I wanted to like Madam Mam’s. Pleasant name. Great location. Colorful green building evoking homely feelings.
But now I know: it's all a facade.
Stepping through the cloudy glass doors to Madam Mam's, the first thing I sensed was a thick, nauseating, stench. It wasn't the normal Thai aroma-- some combination of meat, lemongrass, and curry. This was some mixture of ammonia, vomit, and damp nursing home.
But I gave Mams the benefit of the doubt. Maybe a bathroom pipe broke and shit had seeped into the floors. I won't fault them for accidents beyond their control.
I stared desperately at a waiter hoping to be seated quickly, hoping the food on my tongue would distract me from the smell in my nose. He noticed us and began to slowly scan the restaurant for possible seating. It was about 5pm, more than half the tables were open. We had a party of four. Without turning my head, I could see at least three clean tables that were perfect for us to be seated at.
Minutes passed but they felt like hours. The stench burned my eyes, tears dribbled down my cheeks. Finally, after some long and complex bin-packing calculations by the Madam Mam's wait staff, we were seated in a dark corner of the restaurant.
I hobbled into my wooden chair. The waiter dropped four hefty encyclopedias on the table, an interesting choice of pre-dinner reading material.
Upon closer inspection, I then realized that these monstrous binders were not encyclopedias, but menus. As I combed through the hundreds and hundreds of pages, I began to sob. No longer because of the still very prevalent smell, but because of the gruesome menu design. Fonts and line spacing varied widely-- even within the same page. Indentation strewn about randomly. Half the menu were duplicates of items-- but who could blame the poor menu designer, forced with collating the many thousands of food dishes on offer.
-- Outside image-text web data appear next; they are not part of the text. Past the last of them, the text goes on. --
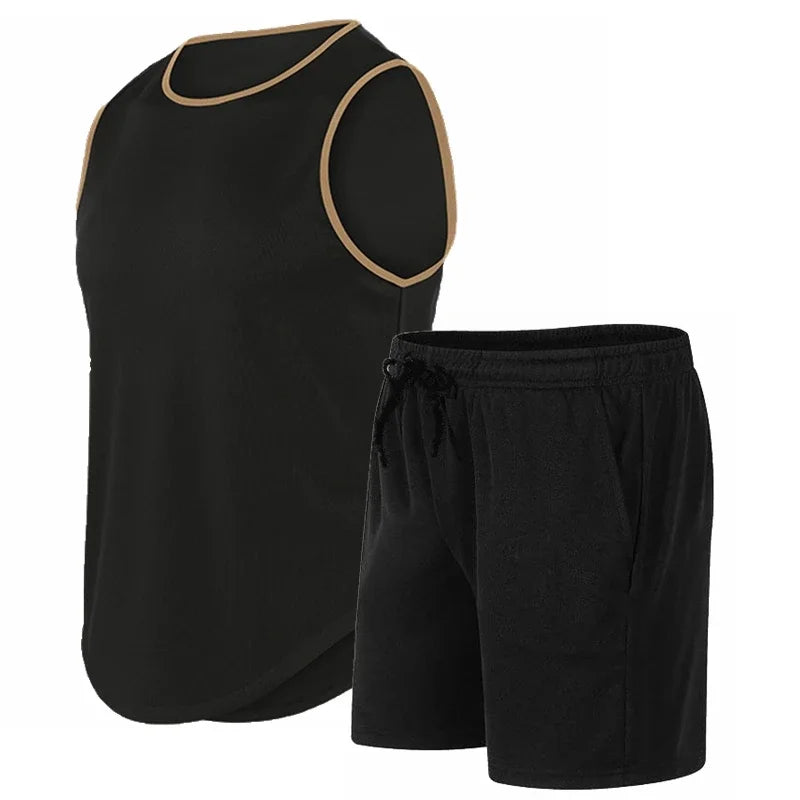 2026 Summer New Men's Fashionable Breathable Speed Drying Sleeveless Round Neck T-shirt Set Outdoor Running Sportswear
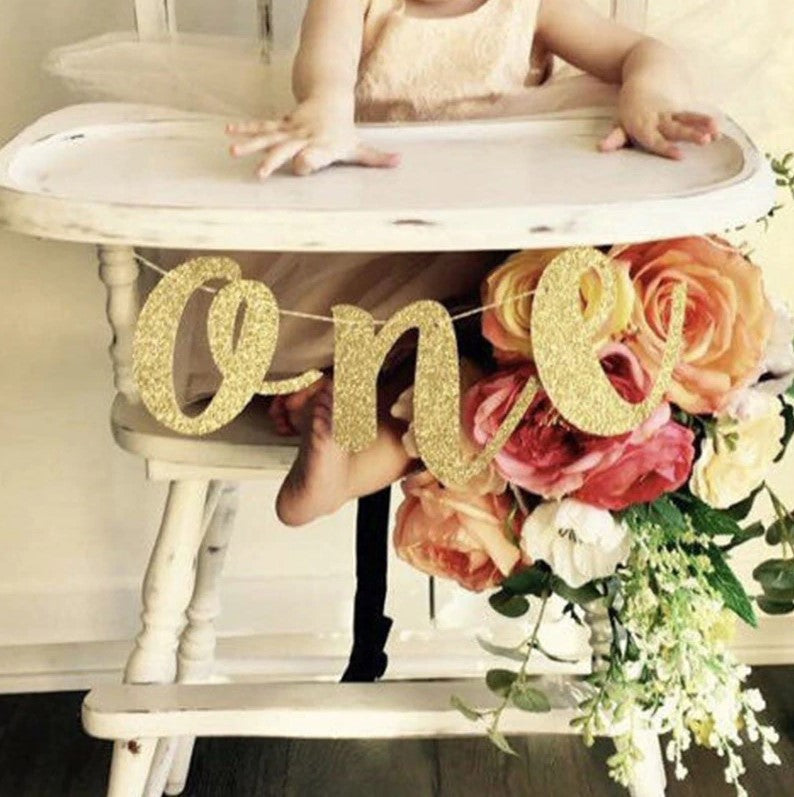 Guld glitter fødselsdagsbanner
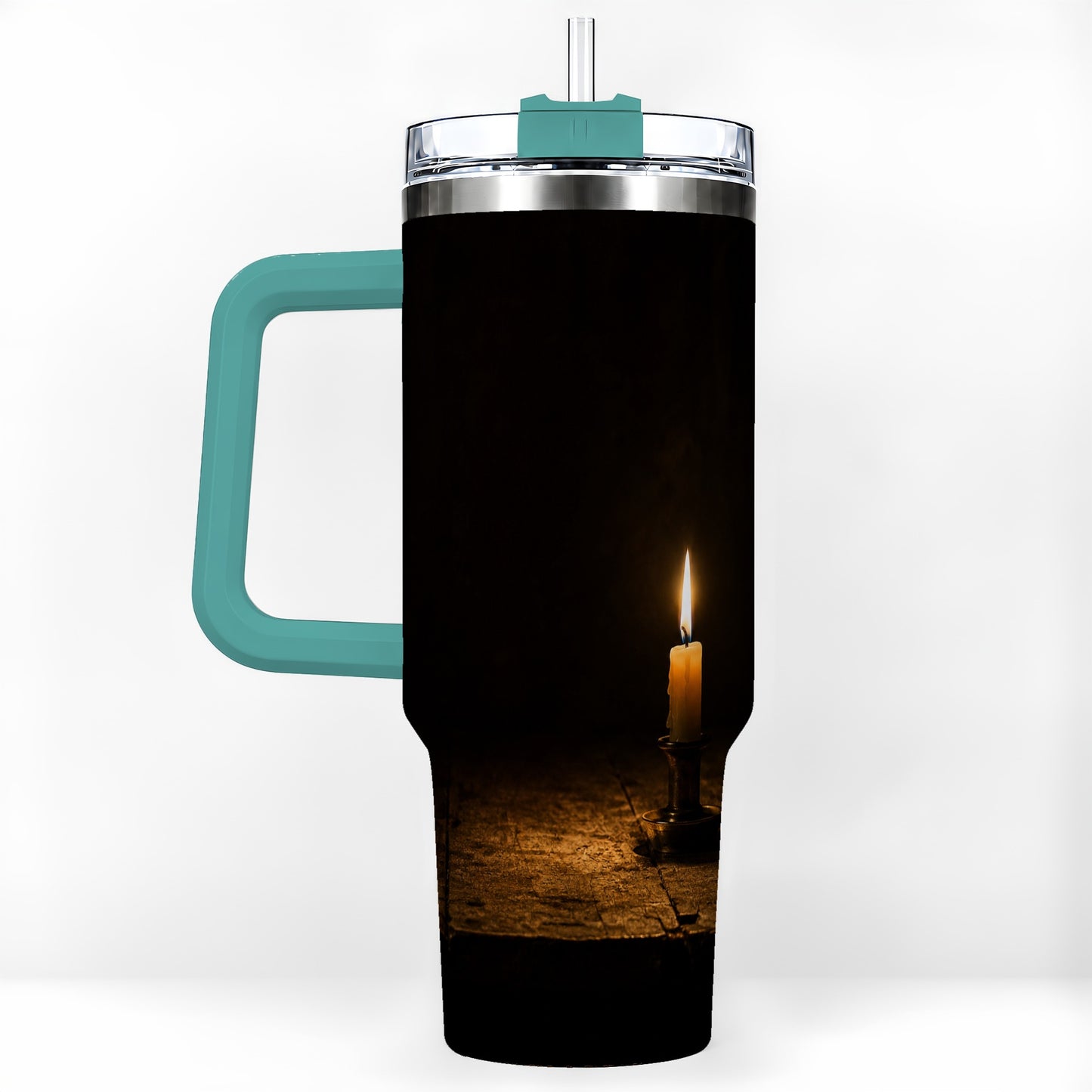 #pl[40oz|Green] Candlelight 40oz Tumbler with Handle, Dark Cozy Still Life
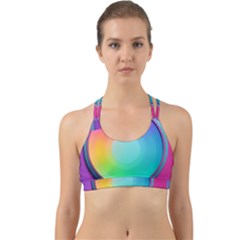 Circle Colorful Rainbow Spectrum Button Gradient Psychedelic Art Back Web Sports Bra by Maspions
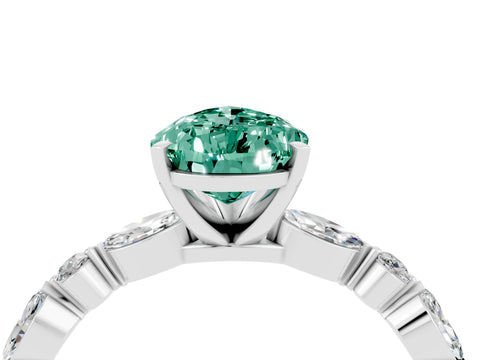 White gold Pear Cut Green Sapphire Solitaire with Side Stones on a Pavé Band and Four-Prong Setting_4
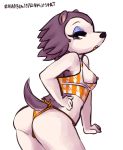  animal_crossing anthro bedroom_eyes breasts butt clothed clothing eulipotyphlan female fur half-closed_eyes hedgehog hi_res labelle_able mammal nintendo nipples open_mouth rainbowsprinklesart seductive simple_background solo video_games white_background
I couldn't handle it. First sight, now smell. Two out of five senses, shot. I collapsed, my head hitting the table.
I came back to consciousness. An hour had passed. My friends were still 1/5th of the way through the menu. As I mustered the strength to pick myself up and search the encyclopedia for something edible, I realized that the stained and suspiciously sticky table had attached itself to my left cheek.
As my friends, trying to be helpful, pulled at my hair, trying to separate head from table, I wondered how a table could possible become so sticky. I began to dream about the sheer quantity of negligence, compounding over decades, truck-loads of spilled sticky rice, lightly brushed off with a napkin instead of washed with soap and water, congealing into an industrial strength adhesive, that had now attached my head to this table-top, possibly forever.
Eventually, a mid-sized team of people were able separate my face from table with only a sliver of skin loss. The waiter took this as a sign that we were ready to order. I went with the red curry, no spice. After the pain I had already endured, I was in no condition to handle any kind of spice.
Light headed from hunger and the constant olfactory assault, I drifted in and out of consciousness. In my fever dreams, I had no conception of time, and so I did not notice the two hours it took to manufacture the red curry with tofu and rice.
The harsh yellow lighting made the food look aged and spoiled. Maybe it was spoiled. My appetite left me. But I persisted. I spooned some curry in my mouth, expecting the worst. Luckily, the red curry did not taste spoiled. It didn't taste like anything, really. Maybe old tap water.
All in all: 2/5. It would be 1/5, but the location is too good. Two blocks from CVS, a short walk to University Health Services, so if you contract giardia from your red curry, help is nearby.